In this contribution, we will discuss a new, simpler, concept – the bubble-free LHM. Here, the liquid-vapor interface lies above the perforated electrode, which now has CsI on its bottom face; the electrode is fully immersed within the liquid, with no bubble underneath. Ionization electrons created in the drift volume below the electrode and S1-induced photoelectrons emitted from the photocathode are focused into the holes from below and pass through them with nearly no losses. A strong field above the electrode (taking here the role of the “gate” in conventional dual-phase TPCs) ensures transmission of the electrons into the vapor phase, where they produce intense S1 and S2 EL signals. The main advantages of this concept are that single-VUV photon detection efficiencies can potentially be of the order of 20%, and that individual VUV photons generate large EL signals which cannot be faked by dark counts. Bubble-free imaging LHMs can therefore allow the use of VUV SiPMs or CMOS sensors, despite their high dark-count rates.

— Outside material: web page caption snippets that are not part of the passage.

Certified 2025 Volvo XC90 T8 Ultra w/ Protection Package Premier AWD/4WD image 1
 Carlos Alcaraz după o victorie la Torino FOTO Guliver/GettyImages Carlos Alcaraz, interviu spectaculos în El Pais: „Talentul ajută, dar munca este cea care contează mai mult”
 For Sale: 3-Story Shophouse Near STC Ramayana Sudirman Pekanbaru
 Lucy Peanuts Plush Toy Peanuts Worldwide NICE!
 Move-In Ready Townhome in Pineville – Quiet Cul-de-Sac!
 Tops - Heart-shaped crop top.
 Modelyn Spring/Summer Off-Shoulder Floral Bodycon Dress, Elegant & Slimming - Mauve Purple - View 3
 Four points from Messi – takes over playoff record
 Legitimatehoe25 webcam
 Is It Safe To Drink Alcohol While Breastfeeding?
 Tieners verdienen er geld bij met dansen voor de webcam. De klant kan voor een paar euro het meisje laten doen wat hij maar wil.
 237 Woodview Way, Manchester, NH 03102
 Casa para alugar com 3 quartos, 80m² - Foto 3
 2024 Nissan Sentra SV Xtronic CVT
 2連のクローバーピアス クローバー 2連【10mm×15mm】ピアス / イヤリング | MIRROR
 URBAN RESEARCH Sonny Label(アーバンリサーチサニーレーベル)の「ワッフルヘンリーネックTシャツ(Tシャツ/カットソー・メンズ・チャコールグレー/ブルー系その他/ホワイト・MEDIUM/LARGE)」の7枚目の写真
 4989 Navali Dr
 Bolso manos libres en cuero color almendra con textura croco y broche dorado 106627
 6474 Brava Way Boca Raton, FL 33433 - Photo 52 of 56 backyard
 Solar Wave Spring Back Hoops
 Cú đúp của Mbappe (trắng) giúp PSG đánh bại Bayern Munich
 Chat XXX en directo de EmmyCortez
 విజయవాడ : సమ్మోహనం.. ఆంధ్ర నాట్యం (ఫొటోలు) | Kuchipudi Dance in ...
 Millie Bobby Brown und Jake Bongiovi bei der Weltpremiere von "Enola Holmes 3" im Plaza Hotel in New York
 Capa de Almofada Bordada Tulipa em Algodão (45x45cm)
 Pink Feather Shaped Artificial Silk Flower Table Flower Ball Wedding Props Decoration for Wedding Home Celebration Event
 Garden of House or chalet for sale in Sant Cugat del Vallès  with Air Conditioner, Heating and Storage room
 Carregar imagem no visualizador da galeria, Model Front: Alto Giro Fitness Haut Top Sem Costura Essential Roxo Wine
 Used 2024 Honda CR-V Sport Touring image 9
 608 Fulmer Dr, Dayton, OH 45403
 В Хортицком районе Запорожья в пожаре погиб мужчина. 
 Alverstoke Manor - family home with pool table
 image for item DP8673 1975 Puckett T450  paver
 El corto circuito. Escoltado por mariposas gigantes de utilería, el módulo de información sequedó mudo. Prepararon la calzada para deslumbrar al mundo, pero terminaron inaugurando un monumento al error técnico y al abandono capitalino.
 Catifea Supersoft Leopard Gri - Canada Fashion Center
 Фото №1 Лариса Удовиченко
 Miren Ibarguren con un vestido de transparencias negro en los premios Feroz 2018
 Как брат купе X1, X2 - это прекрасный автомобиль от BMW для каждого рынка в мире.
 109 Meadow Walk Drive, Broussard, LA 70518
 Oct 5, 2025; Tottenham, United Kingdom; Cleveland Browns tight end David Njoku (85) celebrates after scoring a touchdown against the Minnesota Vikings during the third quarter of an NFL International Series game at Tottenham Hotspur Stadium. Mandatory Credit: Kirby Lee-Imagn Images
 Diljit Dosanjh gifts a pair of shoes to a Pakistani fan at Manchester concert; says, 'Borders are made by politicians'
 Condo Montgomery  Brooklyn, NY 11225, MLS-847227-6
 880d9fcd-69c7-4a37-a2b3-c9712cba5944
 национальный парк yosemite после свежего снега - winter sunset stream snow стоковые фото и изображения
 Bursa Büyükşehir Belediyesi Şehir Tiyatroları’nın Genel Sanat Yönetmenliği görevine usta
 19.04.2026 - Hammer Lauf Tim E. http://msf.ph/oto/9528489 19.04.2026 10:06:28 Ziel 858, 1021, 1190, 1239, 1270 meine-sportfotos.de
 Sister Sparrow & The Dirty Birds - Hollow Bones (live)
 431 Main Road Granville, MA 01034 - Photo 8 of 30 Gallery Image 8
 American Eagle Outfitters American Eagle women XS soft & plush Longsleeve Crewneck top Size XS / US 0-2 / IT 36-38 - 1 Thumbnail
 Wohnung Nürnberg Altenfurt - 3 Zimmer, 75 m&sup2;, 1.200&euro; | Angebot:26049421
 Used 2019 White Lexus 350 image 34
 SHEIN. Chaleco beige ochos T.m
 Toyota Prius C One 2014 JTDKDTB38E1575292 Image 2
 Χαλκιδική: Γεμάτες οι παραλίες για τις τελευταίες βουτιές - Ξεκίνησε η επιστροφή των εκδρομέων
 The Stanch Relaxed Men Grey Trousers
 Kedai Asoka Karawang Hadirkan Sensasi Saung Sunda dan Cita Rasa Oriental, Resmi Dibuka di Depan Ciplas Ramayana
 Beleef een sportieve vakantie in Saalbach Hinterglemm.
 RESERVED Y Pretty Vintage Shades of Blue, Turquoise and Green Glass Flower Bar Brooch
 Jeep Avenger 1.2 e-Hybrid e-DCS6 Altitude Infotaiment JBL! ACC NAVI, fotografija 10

The talk will describe the basic principles of the new concept and summarize our current experimental results in LXe. These include photoelectron extraction efficiency into LXe, electron focusing efficiency into the LHM holes of both ionization electrons and photoelectrons, and the transfer efficiency of electrons towards the liquid-vapor interface. These results validate the new concept, providing a promising basis towards further studies and future applications.